Гервак пожала плечами; заметив толстый обломок корня, она подняла его и, по указанию Моргианы, стала просовывать под приподнятый край камня.
Моргиана выпрямилась и схватила ее за шею.
Задыхаясь от испуга и боли, Гервак рванулась с криком; но ее ноги поскользнулись, и она упала на камень.
– А, подлая! – закричала Гервак. – Стой, пусти! Пусти, тебе говорят.
– Я сов-сем ре-бе-нок, – бормотала Моргиана, стараясь ударить Гервак головой о камень.
Они свалились, хватая друг друга за шею и лицо. Наконец, Моргиана, силы которой возрастали с каждым движением, а левая рука не отпускала шею жертвы, ухитрилась вцепиться в горло Гервак правой рукой более основательно, чем первый раз. Она прижала ее и стала бить затылком о камень, пока судорожное напряжение опрокинутого лица не стало затуманенным, как во сне.
Гервак снова рванулась, вывернулась и стала на четвереньки, рядом с Моргианой, которая, стоя на коленях, начала поспешно сталкивать ее в трещину. Ничего не видя, оглушенная, полузадушенная Гервак свалилась на краю, руки и голова ее свесились в пустоту. Моргиана опустилась на локоть и столкнула Гервак бешеными ударами ног, тотчас вскочив, чтобы посмотреть, не уцепилась ли та за камни и корни.
– Совсем ребенок, – сказала Моргиана, держась за сердце, бившее по ребрам с хрипом и болью. – Яд здесь, я не лгала тебе; я сама стала ядом. Теперь найди извозчика в Брикете или Нантерре.
Сбросив в трещину зонтик и саквояж Отилии Гервак, Моргиана пошла к озеру и посмотрела на себя в воду. Ее лицо было все в красных пятнах; волосы растрепались, платье измялось и выпачкалось о камни. С трудом она привела его в порядок, затем вымыла руки и освежила водой лицо.

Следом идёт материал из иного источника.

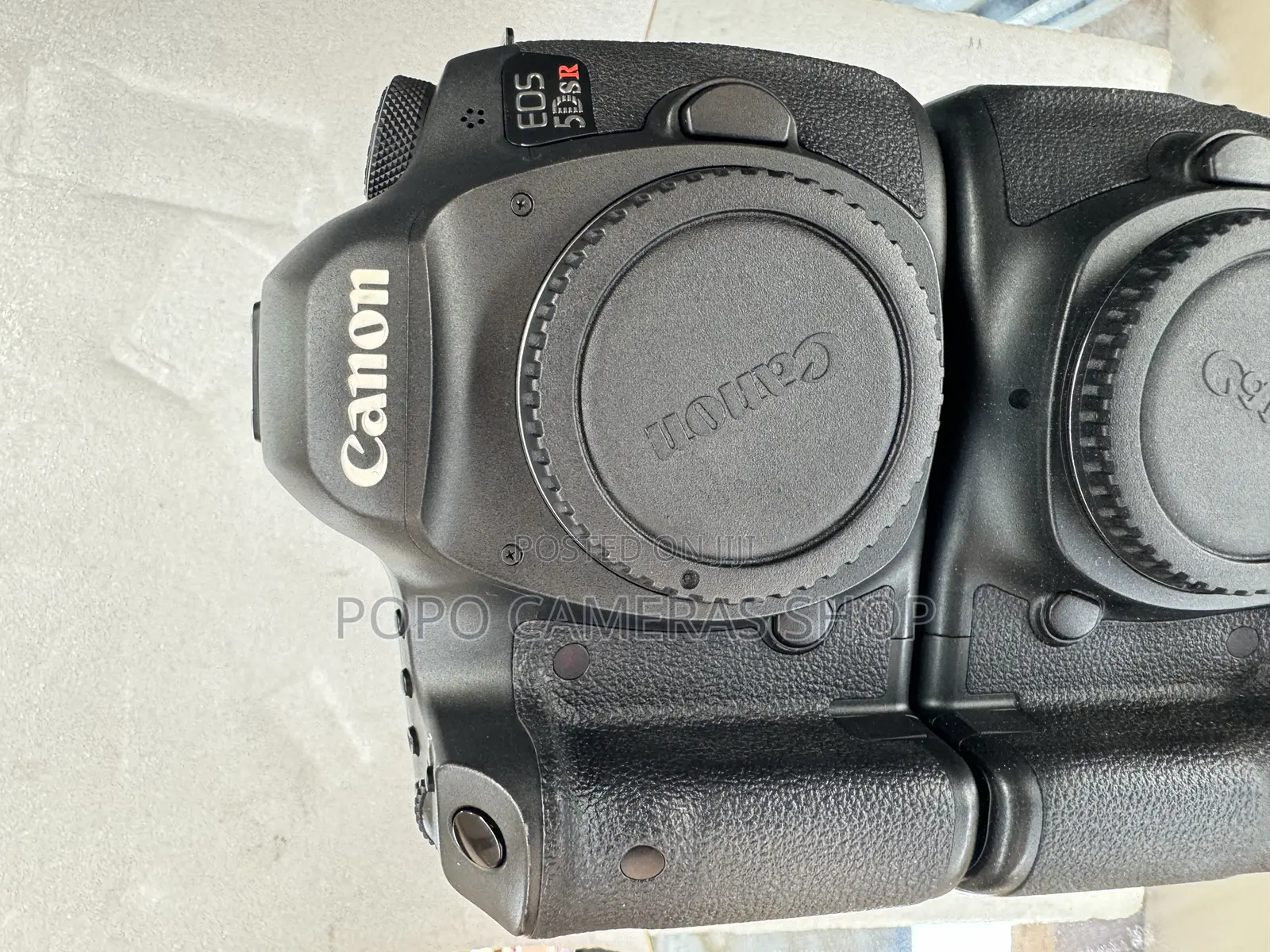 Canon 5dsr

Она вытирала его платком, бессознательно смотря в воду, и увидела там дикие глаза уродливой женщины. Но залив озера, в раме из дремучих кустов, унизанных алыми цветами, был прекрасен, и отражение в голубом зеркале той скалы, откуда Моргиана бросила вчера камень, было изысканно отчетливо озарено под водой утренним лесным светом.
– Это красиво, – сказала Моргиана, – я понимаю. Красивое – везде, его много. Но оно равнодушно. Красота, власть твоя велика! Так измени мне лицо! Сделай мои руки нежными и белыми!
Подул ветер, кусты зашумели; ответа и внимания не было. Едва Моргиана встала, как исчезло и ее отражение, и на его месте возникла в воде ничем не омраченная, опрокинутая листва старого клена.
Моргиана возвратилась домой, переоделась и сказала Нетти, что Гервак отправилась пешком к ближайшей деревне, откуда ей надо быть вечером на станции железной дороги. Рассчитывая, что, при всяком положении розысков пропавшей Гервак, ее муж не обратится в полицию ранее, как через два дня, – скорее же не обратится совсем, – Моргиана прилегла отдохнуть. Как ни странно, но расправа с торговкой ядом дала ей запас твердости и самоуверенности. Позавтракав и окончательно обдумав продажу вещей Мальком, Моргиана вышла садиться в автомобиль. Уже шофер открыл дверцу, как у ворот дома остановился автомобиль Джесси и Моргиана получила записку сестры.
Приехавший шофер задержался у гаража с Нетти, а Моргиана, взяв ценности, поехала к Обергейму, крупному ювелиру Лисса, рассчитывая по окончании дел посетить Джесси.
Преступление больше не мучило и не устрашало ее; после сцены с Гервак и камня, брошенного в нагую девушку, ей было безразлично смотреть на Джесси и говорить с ней; но чувствовала она себя так, словно видела сестру последний раз, – в ярком, щемящем сне.